Lelaki bertubuh jangkung itu sejenak kemudian menceritakan pada saya tentang rekonsiliasi konflik genosida yang pernah dilakukan Kagame untuk mendamaikan hubungan antara Hutu dan Tutsi.

Pada tahun 2002, Rwanda misalnya menginisiasi sebuah sistem peradilan yang disebutgacaca. Gacaca adalah program yang ditujukan pada puluhan ribu jagal yang ditetapkan sebagai tersangka genosida ’94.

Dalam gacaca, para tersangka pada awalnya diminta untuk mengakui kejahatannya. Mereka yang bersedia melakukan pengakuan, kemudian akan mendapat remisi. Setelah keluar dari tahanan, mereka juga harus melakukan kerja sosial di lingkungan di mana mereka dulu pernah berbuat kejahatan. Artinya, mereka tak sekadar saling memaafkan, tetapi juga harus menjalani kehidupan bersama. Menurut pemerintah Rwanda, gacaca telah merekonsiliasi lebih dari 1,9 juta kasus.

Selain gacaca, Rwanda juga menetapkan tanggal 7 April setiap tahunnya sebagai kwibuka,yaitu hari mengenang tragedi ’94. Pada saat kwibuka, ada seremoni di mana suku Hutu dan Tutsi saling bertemu, saling memaafkan, lalu berbagi santapan.

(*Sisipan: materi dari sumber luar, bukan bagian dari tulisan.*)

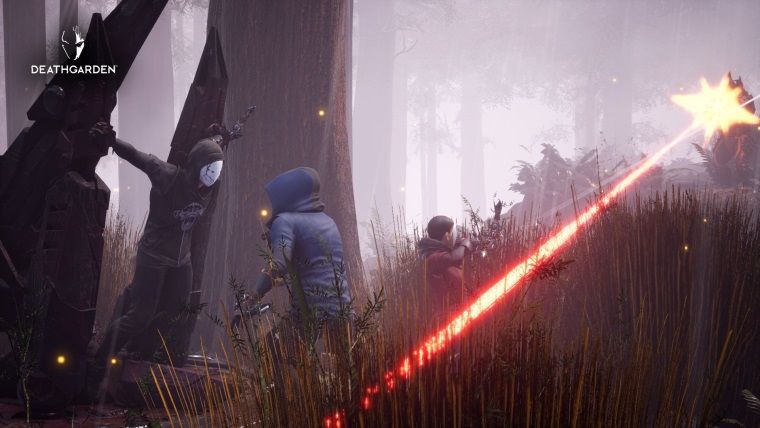 Dead By Daylight oyununun yapımcıları yeni bir oyun duyurdular Dead By Daylight oyununun yapımcıları yeni bir oyun duyurdular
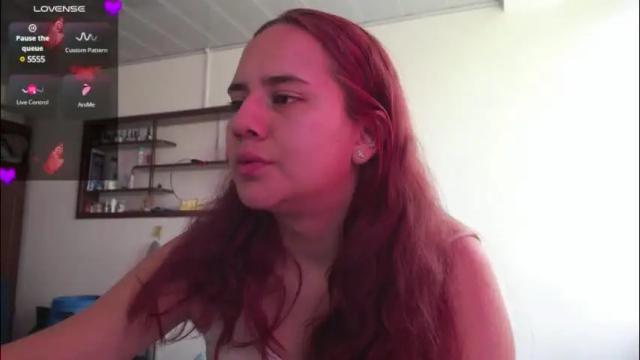 Image 2 of lexydavis Stream on Chaturbate on 2 months ago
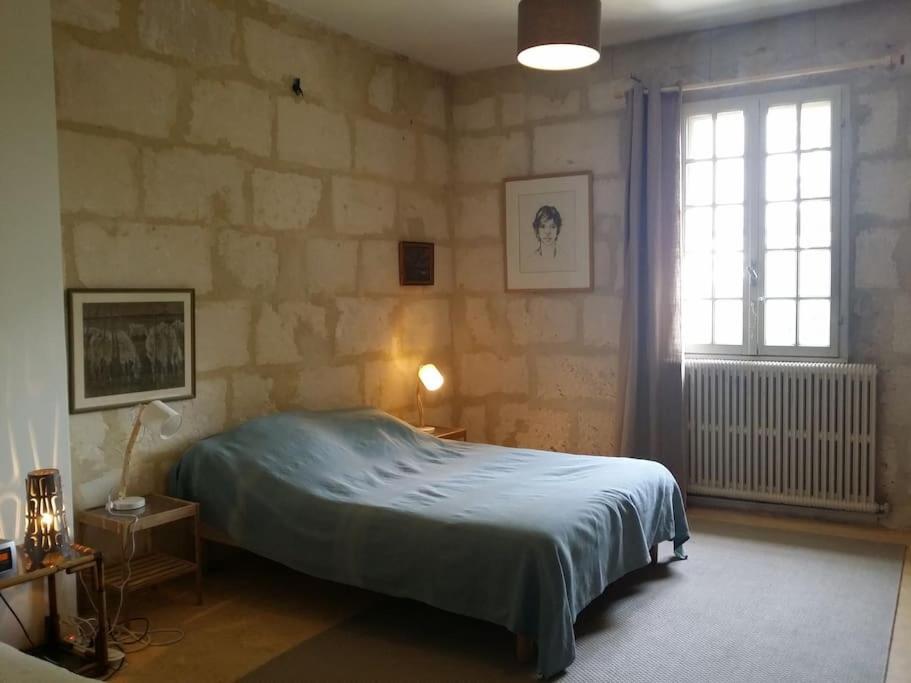 Maison Dans Un Mas Le Moulin Piot Bellegarde  Luaran gambar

Selama 100 hari setelah 7 April, Rwanda juga mengajak warganya baik Hutu maupun Tutsi untuk bersama-sama mengunjungi urwibutso, sebuah monumen untuk mengenang para korban genosida.

Selain itu, terobosan paling penting dari pemerintahan Kagame adalah menghapuskan kolom suku di KTP Rwanda yang sudah bertahan sejak awal masa kolonialisme. Sebab menurut Kagame, tak penting lagi apakah seorang terlahir sebagai Hutu atau Tutsi, selama mereka lahir atau hidup di Rwanda maka mereka adalah rakyat Rwanda.

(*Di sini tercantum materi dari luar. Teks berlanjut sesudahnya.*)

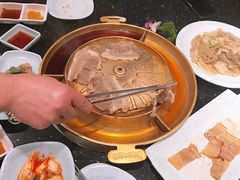 -猪啊牛呀羊啊铜盘烤肉(正大广场店)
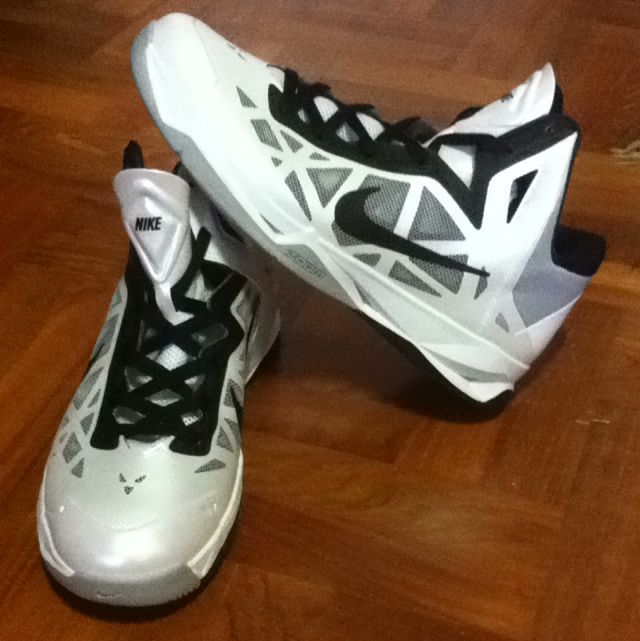 nike hyperchaos review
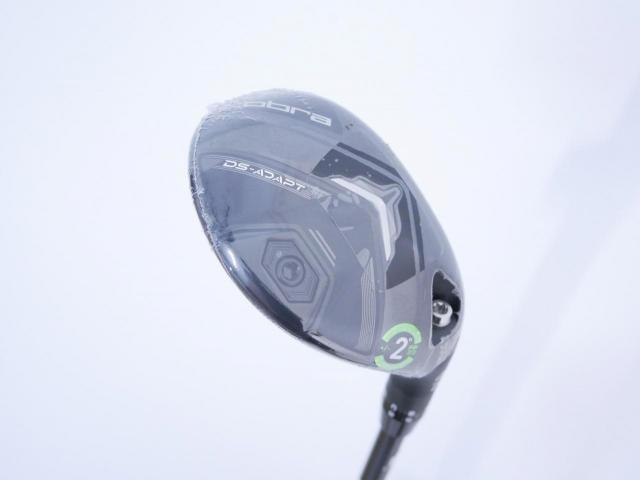 Fairway Wood : Other Brand : **ของใหม่ ยังไม่แกะพลาสติก** ไม้กระเทย Cobra Darkspeed ADAPT (ออกปี 2025) Loft 21 ก้าน Fujikura Speeder Flex R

Cerita gacaca dan kwibuka itulah yang membuat saya mulai memahami perbedaan antara Soeharto dengan Kagame. Bahkan lebih jauh, perbedaan Rwanda dengan Indonesia.

Indonesia hingga detik ini selalu menolak untuk bicara tentang genosida ’65. Setiap kali kita buka mulut tentang tragedi ’65, pemerintah akan meninggikan suara: masa lalu untuk apa diungkit-ungkit terus, ayo move on! Atau yang lebih sering: Ngapain sih terus-terusan membuka luka lama?

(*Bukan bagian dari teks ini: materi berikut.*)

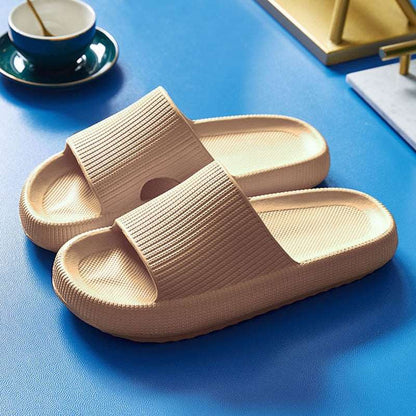 Unisex Soft Sole Slide Sandals - ChoreGirl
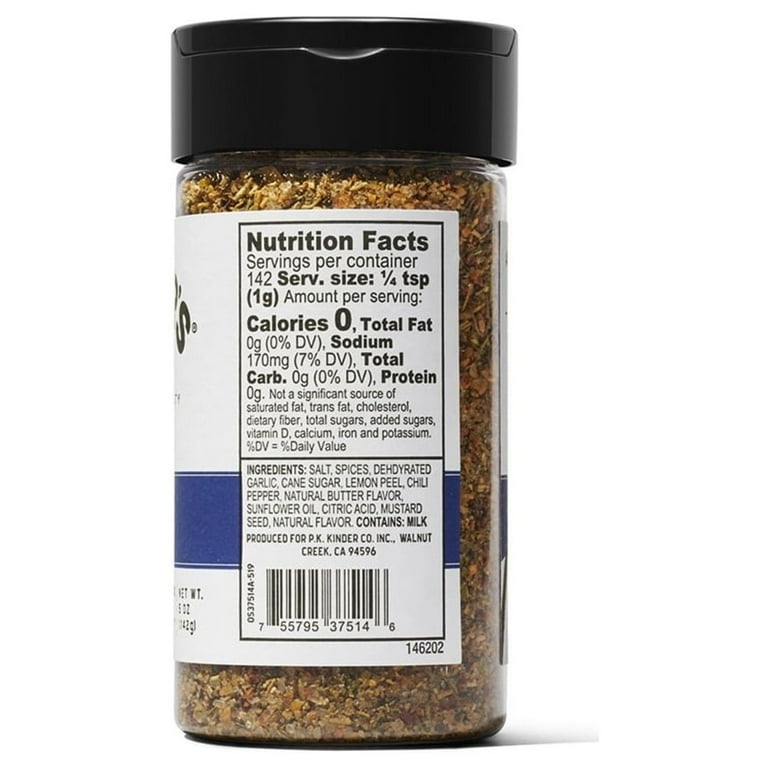 Prime rib clearance rub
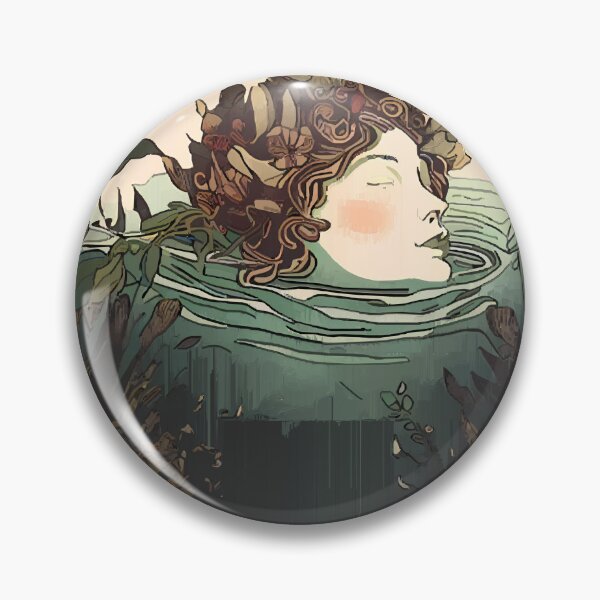Item preview, Ophelia  designed and sold by surielcameron.
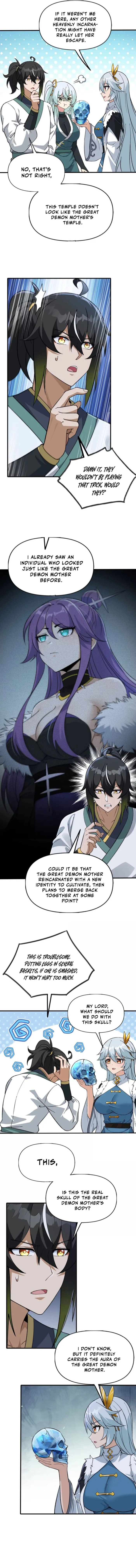 The Heavenly Path Is Not Stupid Chapter 159 - Halaman 12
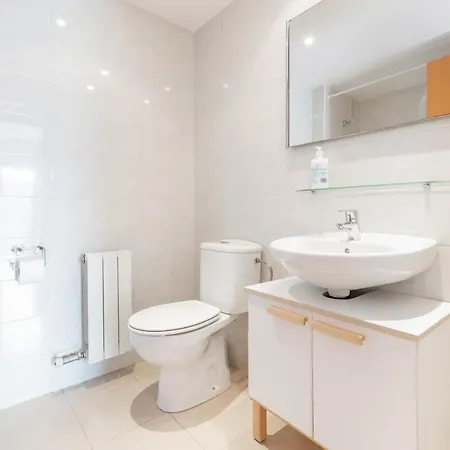 Soul: Bonito Con Terraza Apartment *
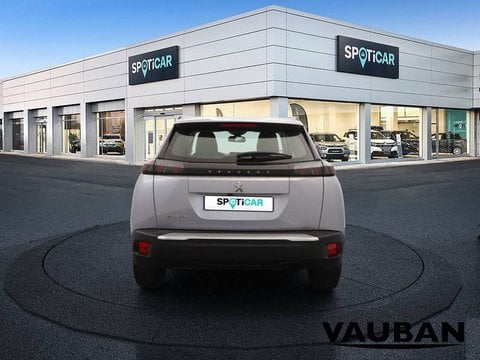 Voitures D'occasion À Buchelay | Peugeot 2008 Puretech 100 S&S Bvm6 Allure
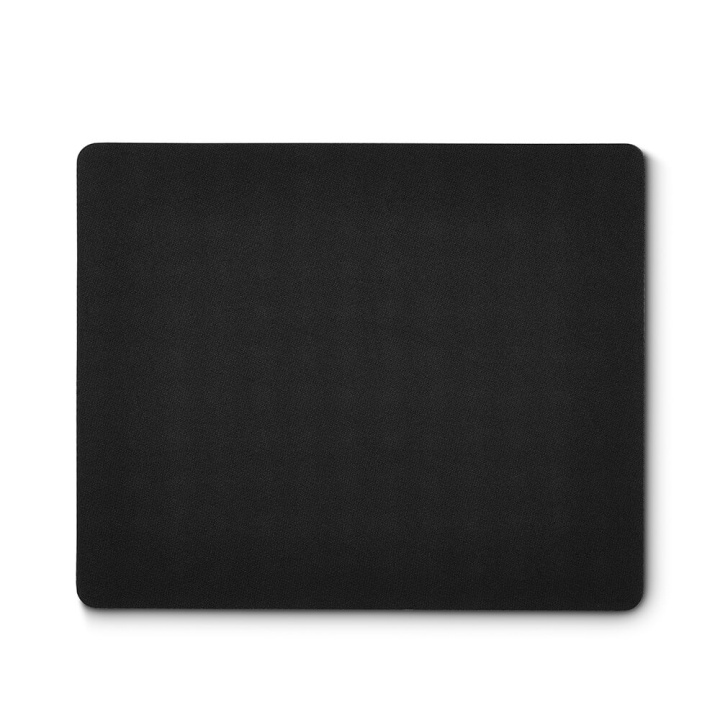 Hama Mouse Pad Easy Black ryhmässä TIETOKOONET & TARVIKKEET / Hiiret & Näppäimistöt / Hiirimatot @ TP E-commerce Nordic AB (C71487)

Sementara itu, Rwanda justru menjadikan genosida ’94 sebagai tema yang selalu jadi pembahasan, dengan tujuan utama mewujudkan rekonsiliasi dan permaafan bagi semua rakyat. Ada usaha serius dari pemerintah Rwanda untuk menjadikan pengalaman buruknya sebagai pelajaran, sementara kita selalu menampik bahwa ada borok yang mesti segera diobati.

Saya percaya bahwa pemerintah yang baik mengajak rakyatnya saling memaafkan, sementara pemerintah yang buruk membiarkan rakyatnya dihantui rasa bersalah. Dalam hal ini, kita benar-benar harus belajar dari Rwanda.

Di masa depan, Indonesia mungkin bisa punya mobil buatan sendiri. Merk Esemka, Esempe, atau bahkan Emtees. Dalam beberapa dekade ke depan, bukan tak mungkin Iron Man Indonesia benar-benar ada: Dengan lilitan kabel yang ditempelkan ke dua sisi pelipis, seorang lumpuh bisa menggerakkan kaki atau tangannya. Saya bahkan optimis jika suatu hari Indonesia akan menemukan bahan bakar ramah lingkungan entah dari pohon jarak, atau kecapi, atau kedondong yang menjadi solusi permasalahan energi dunia.

Satu-satunya hal yang tidak pernah saya percaya adalah jika suatu hari Indonesia paham betapa berharganya nilai sebuah pengakuan dan pemaafan.